Menurut Jaksa Agung Muhammad Prasetyo, pemeriksaan kasus "papa minta saham" itu diabaikan sementara waktu karena tim penyelidik kesulitan mendatangkan taipan minyak Riza Chalid sebagai saksi kuncinya. "Kami endapkan dulu kasusnya," katanya di kantornya, Jumat, 15 April 2016. "Kesulitannya antara lain karena Riza Chalid berada di luar negeri."
Sejak dimulainya kasus ini pada akhir tahun lalu, tim penyelidik tak memiliki banyak perkembangan untuk menaikkannya ke tingkat penyidikan. Prasetyo membantah lambatnya penyelidikan kasus tersebut karena menanti momen Musyawarah Nasional Luar Biasa Partai Golongan Karya. "Tidak ada kaitannya dengan urusan politik sampai ke situ. Kami melakukan penyelidikan murni karena dasar hukum," ucap Prasetyo.
Lambatnya penyelidikan kasus dugaan pemufakatan jahat itu justru memberikan kesempatan kepada Novanto mencari celah hukum. Ia pun sempat mengajukan gugatan uji materi ke Mahkamah Konstitusi pada akhir Februari lalu.

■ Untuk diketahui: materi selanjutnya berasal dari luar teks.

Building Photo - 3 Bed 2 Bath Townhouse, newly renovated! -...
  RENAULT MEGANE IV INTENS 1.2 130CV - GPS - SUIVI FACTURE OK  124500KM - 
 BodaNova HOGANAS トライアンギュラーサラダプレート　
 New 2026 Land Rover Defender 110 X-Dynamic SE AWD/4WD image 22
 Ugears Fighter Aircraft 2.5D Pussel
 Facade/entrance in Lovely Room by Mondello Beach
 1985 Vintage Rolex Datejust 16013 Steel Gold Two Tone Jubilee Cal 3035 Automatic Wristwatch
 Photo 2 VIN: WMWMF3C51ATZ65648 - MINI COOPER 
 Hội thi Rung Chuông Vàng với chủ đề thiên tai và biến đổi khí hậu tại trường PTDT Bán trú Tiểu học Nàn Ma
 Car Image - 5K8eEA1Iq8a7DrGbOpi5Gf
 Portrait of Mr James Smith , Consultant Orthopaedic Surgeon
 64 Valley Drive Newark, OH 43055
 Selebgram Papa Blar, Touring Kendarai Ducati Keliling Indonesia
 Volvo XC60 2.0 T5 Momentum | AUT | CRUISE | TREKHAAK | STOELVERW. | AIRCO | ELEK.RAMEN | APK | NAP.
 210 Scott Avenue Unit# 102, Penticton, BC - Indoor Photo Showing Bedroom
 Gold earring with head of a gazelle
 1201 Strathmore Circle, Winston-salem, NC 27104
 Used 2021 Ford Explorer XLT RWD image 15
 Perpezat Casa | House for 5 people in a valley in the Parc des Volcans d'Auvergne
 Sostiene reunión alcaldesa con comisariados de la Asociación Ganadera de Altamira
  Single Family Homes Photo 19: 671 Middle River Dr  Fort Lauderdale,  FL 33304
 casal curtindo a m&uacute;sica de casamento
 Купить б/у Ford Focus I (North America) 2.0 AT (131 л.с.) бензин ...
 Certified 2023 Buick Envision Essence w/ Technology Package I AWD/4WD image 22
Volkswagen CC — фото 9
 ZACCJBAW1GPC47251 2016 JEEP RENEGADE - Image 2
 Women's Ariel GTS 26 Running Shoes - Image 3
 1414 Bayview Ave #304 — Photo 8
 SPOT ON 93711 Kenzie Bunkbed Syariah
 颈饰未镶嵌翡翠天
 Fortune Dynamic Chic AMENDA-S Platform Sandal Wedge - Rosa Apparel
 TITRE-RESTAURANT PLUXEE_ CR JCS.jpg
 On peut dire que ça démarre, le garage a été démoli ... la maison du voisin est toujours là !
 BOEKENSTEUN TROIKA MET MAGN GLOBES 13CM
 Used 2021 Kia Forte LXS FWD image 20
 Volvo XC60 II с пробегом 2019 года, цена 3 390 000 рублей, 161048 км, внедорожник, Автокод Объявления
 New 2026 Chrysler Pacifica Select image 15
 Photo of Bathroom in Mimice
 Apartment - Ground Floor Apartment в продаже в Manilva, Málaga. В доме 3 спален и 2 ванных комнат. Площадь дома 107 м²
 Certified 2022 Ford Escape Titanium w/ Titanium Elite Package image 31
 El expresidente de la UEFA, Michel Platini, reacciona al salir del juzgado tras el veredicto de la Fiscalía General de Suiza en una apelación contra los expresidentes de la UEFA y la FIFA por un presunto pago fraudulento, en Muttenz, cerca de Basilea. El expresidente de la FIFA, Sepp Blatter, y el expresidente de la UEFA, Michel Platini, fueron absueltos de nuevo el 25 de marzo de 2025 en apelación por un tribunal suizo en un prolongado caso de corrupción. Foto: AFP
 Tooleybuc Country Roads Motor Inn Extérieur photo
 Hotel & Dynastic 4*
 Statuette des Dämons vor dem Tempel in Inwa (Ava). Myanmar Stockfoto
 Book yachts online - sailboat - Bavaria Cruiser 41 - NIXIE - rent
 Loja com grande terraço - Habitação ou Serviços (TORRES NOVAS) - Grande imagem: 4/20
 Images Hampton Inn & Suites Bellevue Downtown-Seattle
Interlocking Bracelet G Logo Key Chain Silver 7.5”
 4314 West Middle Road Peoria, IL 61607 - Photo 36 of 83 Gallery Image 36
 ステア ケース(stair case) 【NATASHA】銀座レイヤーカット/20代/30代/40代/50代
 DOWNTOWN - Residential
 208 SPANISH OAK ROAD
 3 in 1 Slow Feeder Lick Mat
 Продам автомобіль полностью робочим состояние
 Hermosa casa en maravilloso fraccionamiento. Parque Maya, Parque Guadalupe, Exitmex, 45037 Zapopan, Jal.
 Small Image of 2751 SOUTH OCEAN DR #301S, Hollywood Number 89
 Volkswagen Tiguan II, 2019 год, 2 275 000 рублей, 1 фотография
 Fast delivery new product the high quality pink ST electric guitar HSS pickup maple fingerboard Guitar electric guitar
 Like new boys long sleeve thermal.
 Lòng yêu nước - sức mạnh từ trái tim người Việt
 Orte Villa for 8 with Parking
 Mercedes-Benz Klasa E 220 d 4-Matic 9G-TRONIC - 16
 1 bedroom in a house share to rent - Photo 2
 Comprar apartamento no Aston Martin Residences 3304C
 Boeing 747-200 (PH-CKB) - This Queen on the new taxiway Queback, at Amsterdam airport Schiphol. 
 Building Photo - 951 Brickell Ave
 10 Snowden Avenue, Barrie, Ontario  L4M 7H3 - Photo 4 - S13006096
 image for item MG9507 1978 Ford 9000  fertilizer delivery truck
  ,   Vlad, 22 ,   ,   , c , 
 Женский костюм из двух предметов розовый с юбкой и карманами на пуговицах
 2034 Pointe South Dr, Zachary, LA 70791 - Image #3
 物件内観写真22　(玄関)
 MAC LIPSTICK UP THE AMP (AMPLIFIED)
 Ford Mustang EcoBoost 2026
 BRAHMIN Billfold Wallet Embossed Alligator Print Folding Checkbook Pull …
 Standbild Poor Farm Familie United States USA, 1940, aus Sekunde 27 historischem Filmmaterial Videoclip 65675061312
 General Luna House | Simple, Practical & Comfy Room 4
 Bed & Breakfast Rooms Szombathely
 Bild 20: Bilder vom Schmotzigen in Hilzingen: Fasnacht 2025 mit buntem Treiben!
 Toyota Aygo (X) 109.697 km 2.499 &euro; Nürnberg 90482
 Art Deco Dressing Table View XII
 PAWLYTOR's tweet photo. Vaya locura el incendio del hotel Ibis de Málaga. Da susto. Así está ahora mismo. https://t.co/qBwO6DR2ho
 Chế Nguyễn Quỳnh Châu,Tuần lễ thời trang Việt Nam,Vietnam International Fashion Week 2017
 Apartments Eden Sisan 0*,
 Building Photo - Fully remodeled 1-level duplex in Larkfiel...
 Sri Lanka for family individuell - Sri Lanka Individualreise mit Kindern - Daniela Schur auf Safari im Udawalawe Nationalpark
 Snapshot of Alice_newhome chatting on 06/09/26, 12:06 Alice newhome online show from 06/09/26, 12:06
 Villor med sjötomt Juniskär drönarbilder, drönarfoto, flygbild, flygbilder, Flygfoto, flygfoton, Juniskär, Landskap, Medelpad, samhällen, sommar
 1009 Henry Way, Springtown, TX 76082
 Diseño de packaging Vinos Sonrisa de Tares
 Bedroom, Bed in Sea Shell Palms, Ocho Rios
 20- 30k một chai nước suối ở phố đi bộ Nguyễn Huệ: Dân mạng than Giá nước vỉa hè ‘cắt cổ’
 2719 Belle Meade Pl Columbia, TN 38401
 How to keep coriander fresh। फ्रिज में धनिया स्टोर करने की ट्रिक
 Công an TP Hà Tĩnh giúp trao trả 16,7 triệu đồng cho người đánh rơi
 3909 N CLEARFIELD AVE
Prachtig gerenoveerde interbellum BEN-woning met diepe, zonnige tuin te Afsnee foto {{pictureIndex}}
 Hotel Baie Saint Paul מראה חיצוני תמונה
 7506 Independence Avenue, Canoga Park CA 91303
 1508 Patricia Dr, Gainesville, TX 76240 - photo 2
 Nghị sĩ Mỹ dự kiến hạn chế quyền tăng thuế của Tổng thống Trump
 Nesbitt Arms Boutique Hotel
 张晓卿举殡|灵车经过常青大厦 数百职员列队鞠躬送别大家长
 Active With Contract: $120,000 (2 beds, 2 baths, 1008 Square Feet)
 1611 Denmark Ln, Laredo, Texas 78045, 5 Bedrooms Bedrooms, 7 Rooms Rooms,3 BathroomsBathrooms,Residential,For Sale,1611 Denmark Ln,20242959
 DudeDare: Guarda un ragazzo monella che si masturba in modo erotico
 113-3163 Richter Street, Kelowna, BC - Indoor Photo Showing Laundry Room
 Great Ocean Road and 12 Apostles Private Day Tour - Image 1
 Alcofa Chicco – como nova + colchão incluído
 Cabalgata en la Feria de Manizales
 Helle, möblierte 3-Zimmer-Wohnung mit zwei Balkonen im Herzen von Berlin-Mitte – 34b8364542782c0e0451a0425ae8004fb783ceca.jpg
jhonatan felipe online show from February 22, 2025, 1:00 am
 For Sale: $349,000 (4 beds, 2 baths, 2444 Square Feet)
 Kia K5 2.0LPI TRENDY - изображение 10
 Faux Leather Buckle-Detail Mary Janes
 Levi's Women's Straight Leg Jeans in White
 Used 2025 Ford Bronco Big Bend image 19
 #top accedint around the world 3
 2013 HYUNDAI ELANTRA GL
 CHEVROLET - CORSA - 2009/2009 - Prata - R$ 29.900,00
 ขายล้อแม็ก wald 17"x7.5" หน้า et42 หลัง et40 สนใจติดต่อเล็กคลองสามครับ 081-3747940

Novanto meminta Mahkamah Konstitusi memberi penafsiran yang jelas dan tunggal Pasal 88 Kitab Undang-Undang Hukum Pidana serta Pasal 15 Undang-Undang Tindak Pidana Korupsi tentang frasa pemufakatan jahat.
Perkembangan terakhir proses kasus ini terjadi pada akhir Februari lalu. Jaksa Muda Tindak Pidana Khusus Arminsyah menyatakan telah meminta keterangan sejumlah saksi ahli bahasa untuk menelaah isi pembicaraan antara Novanto, Maroef Sjamsoeddin—kini mantan Presiden Direktur PT Freeport Indonesia, dan Riza Chalid. Di antaranya enam saksi ahli dari Universitas Indonesia, Institut Teknologi Bandung, Universitas Gadjah Mada, dan Universitas Andalas. "Kami masih mengkaji hasil materi keterangannya," ujar Arminsyah.
Hingga saat ini, Kejaksaan telah meminta keterangan Novanto sebanyak tiga kali. Kejaksaan juga telah meminta keterangan Maroef, Menteri Energi dan Sumber Daya Mineral Sudirman Said, Deputi I Kantor Staf Presiden Darmawan Prasojo, Sekretaris Jenderal DPR Winantuningtyastiti Swasanani, sekretaris pribadi Novanto bernama Median, serta sejumlah pegawai Hotel Ritz-Carlton, Jakarta Pusat.
Selain itu, tim penyelidik telah mengantongi rekaman CCTV di Hotel Ritz-Carlton dan rekaman pembicaraan. Namun Kejaksaan menyebutkan bukti-bukti tersebut masih belum cukup untuk menaikkan kasus ini ke penyidikan. "Saksi kuncinya (Riza Chalid) belum dimintai keterangan," tuturnya.
Saat ditanya, apakah ada indikasi kasus pemufakatan jahat ini dihentikan, Arminsyah belum dapat memastikannya. Ia berujar, "Tidak ada yang pasti. Yang pasti hanyalah mati."